Realisasi kebijakan pendidikan di Korea Selatan dan dampak bagi pertumbuhan

Pengembangan sumber daya manusia ini menjadi fokus utama kebijakan di dalam politik Korea Selatan, dimulai dari tahun 1945 sampai saat ini. Kebijakan pendidikan Korea Selatan ini dibuat bertahap, pertama dimulai dengan penerapan kewajiban bersekolah bagi anak usia sekolah dasar di tahun 1950-an. Diikuti dengan kebijakan pembebasan biaya sekolah kepada siswa sekolah dasar. Dampak nyatanya adalah meningkatnya jumlah siswa sekolah dasar pada tahun 1960-an, rasio penerimaan siswa sekolah dasar melewati angka 90%. Setelah investasi di pendidikan dasar, kemudian dilanjutkan ke pendidikan menengah pertama, tahun 1979 rasio penerimaan siswa menengah pertama ini mencapai 90%. Sedangkan kebijakan untuk sekolah menengah atas dimulai sejak 1980-an, rasio penerimaan 90% dicapai pada akhir tahun 1990-an. Pendidikan tinggi juga mengalami pencapaian luar biasa semenjak 1980-an sampai pertengahan 1990-an dimana rasio penerimaan mencapai 60%, ini merupakan angka yang cukup besar saat itu.
Kebijakan pendidikan ini cukup berperan besar dalam peta perjalanan ekonomi Korea Selatan. Periode pembangunan Korea Selatan sebagai negara Industri dimulai semenjak tahun 1970-an, hal tersebut dimungkinkan karena adanya ketersediaan tenaga kerja terdidik. Industri-industri manufaktur yang waktu itu masih mengandalkan peralatan dari luar negeri mulai berkembang. Peran penting pemerintah pada periode sebelumnya berkaitan dengan kegiatan industri ini adalah dengan mengeluarkan kebijakan ekspor yang berpihak pada industri-industri lokal.

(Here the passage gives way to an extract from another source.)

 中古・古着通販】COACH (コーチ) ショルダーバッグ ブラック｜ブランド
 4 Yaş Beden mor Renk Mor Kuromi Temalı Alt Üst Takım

Kemudian akhir tahun 1980-an industri-industri tersebut telah berkembang menjadi industri-industri mandiri dengan mengurangi ketergantungan terhadap teknologi luar negeri. Hal inipun dimungkinkan karena pada periode tersebut korea memiliki lulusan-lulusan pendidikan tinggi yang memiliki kecerdasan dan keahlian.
Sampai pertengahan 1990-an, industri-industri di korea masih berorientasi terhadap proses manufaktur produk. Namun pada akhir 1990-an, pemerintah mulai mengganti kebijakan ekonomi industri dari yang semula berorientasi pada manufaktur produk-produk menjadi berorientasi kepada pengembangan produk yang berbasis pengetahuan. Untuk mendukung kebijakan ini pemerintah mengganti kebijakan pendidikan tinggi yang tadinya fokus ke masalah pendanaan sekolah menjadi berorientasi untuk menciptakan lingkungan intelektual yang mendukung tumbuhnya inovasi. Langkah nyata pemerintah Korea Selatan adalah dengan mengeluarkan proyek BK 21, yaitu proyek ambisius Korea Selatan untuk menciptakan masyarakat modern yang berbasis ilmu pengetahuan.
Banyak pakar yang mengira persentasi pertumbuhan ekonomi Korea Selatan yang sangat tinggi disebabkan oleh besarnya investasi di bidang pendidikan. Hal tersebut tidak sepenuhnya benar, karena jika dibandingkan dengan negara-negara maju lain investasi tersebut masih berada dibawah rata-rata. Hal yang sangat mempengaruhi besarnya pertumbuhan ekonomi di korea Selatan selain investasi pemerintah di bidang pendidikan, adalah kebijakan pemerintah terutama mengenai ekonomi yang mendukung tumbuhnya industri. Industri tersebut kemudian menjadi mesin ekonomi yang efektif karena perkembangannya disesuaikan dengan ketersediaan tenaga kerja yang dihasilkan oleh sistem pendidikan.
Faktor terakhir adalah faktor sosio-kultur, yaitu paradigma masyarakat Korea terhadap pendidikan. Masyarakat Korea sangat mengapresiasi pendidikan, tidak hanya sebagai sebuah sarana untuk mendapatkan kehidupan yang lebih baik tetapi juga sebagai bentuk pengakuan sosial, yaitu sebuah simbol kehormatan seseorang. Bahkan beberapa referensi menyebutkan bahwa masyarakat Korea Selatan sangat terobsesi dengan pendidikan ini. Hal ini bisa terlihat dari tinggi nya partisipasi masyarakat dalam pendidikan ini, baik dalam mengikuti pendidikan ataupun dalam pembiayaannya. Hal ini memudahkan program pemerintah untuk meningkatkan rasio penerimaan siswa di setiap jenjang pendidikan.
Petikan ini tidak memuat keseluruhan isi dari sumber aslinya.